Description of the task >> Every line of the listing should be retyped exactly, but none of the pictures should be.

Given information >>
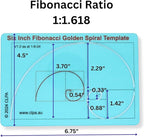 Fibonacci Spiral Stencil Template for Drawing and Drafting: A Fibonacci Spiral Drawing Tool for Artists Allows The Simple Application of The Golden or Divine Ratio for Artistic Design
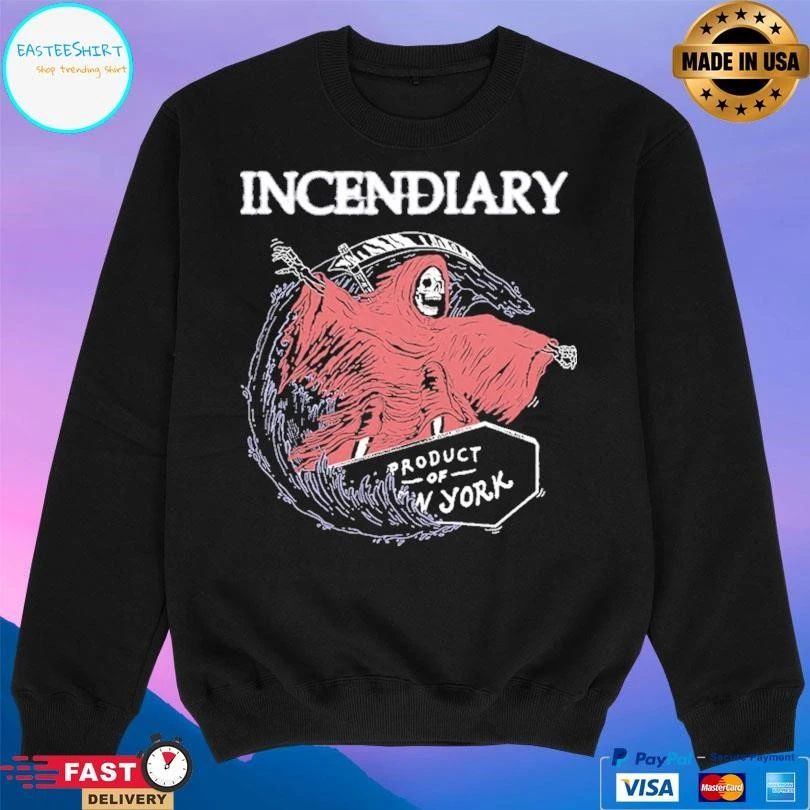 Incendiary Surfing Reaper Product New York T-shirts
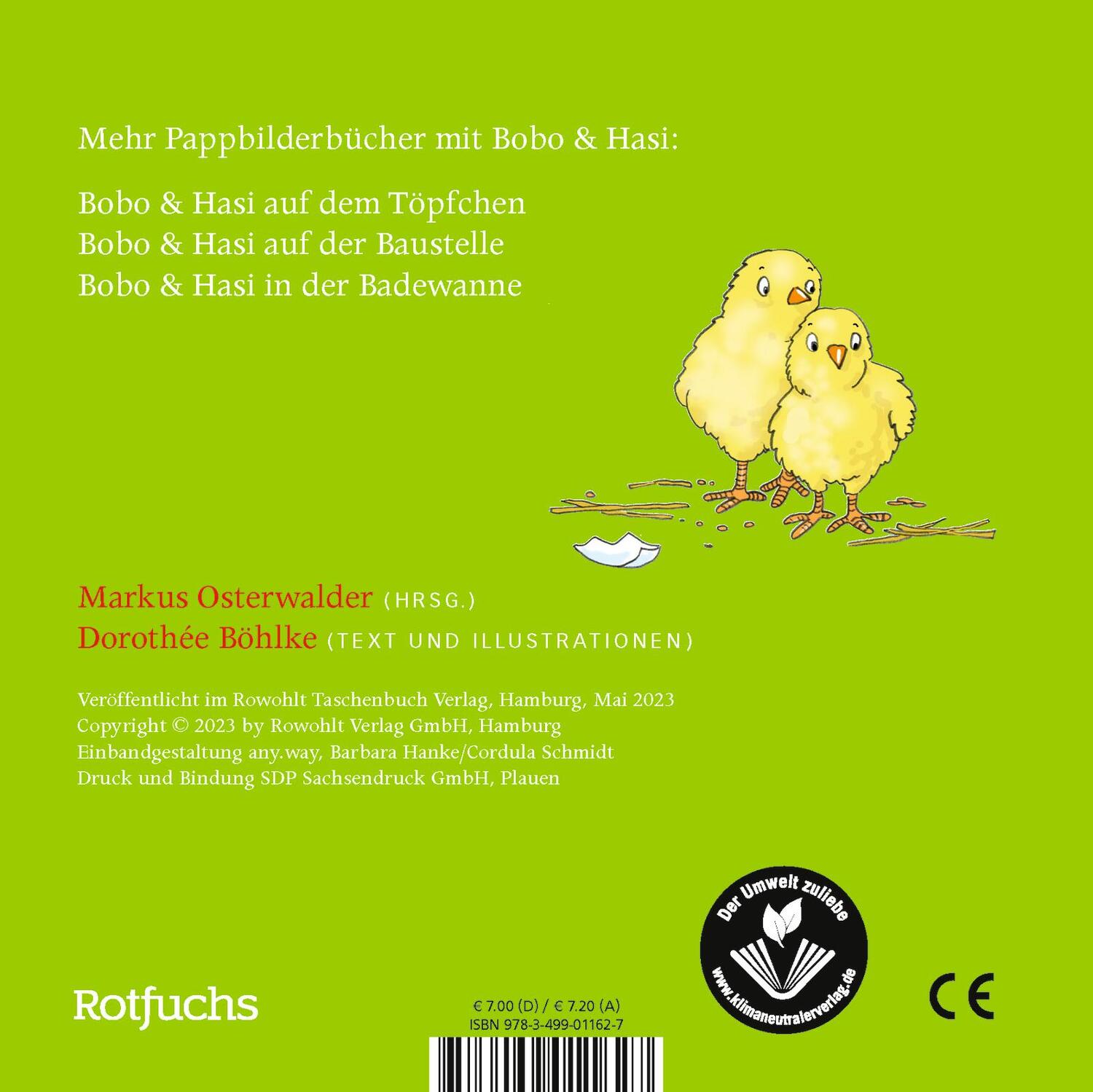 Rückseite: 9783499011627 | Bobo & Hasi auf dem Bauernhof | Dorothée Böhlke | Buch | Deutsch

Response to this exercise >>
 Fibonacci Spiral Stencil Template for Drawing and Drafting: A Fibonacci Spiral Drawing Tool for Artists Allows The Simple Application of The Golden or Divine Ratio for Artistic Design
 Incendiary Surfing Reaper Product New York T-shirts
 Rückseite: 9783499011627 | Bobo & Hasi auf dem Bauernhof | Dorothée Böhlke | Buch | Deutsch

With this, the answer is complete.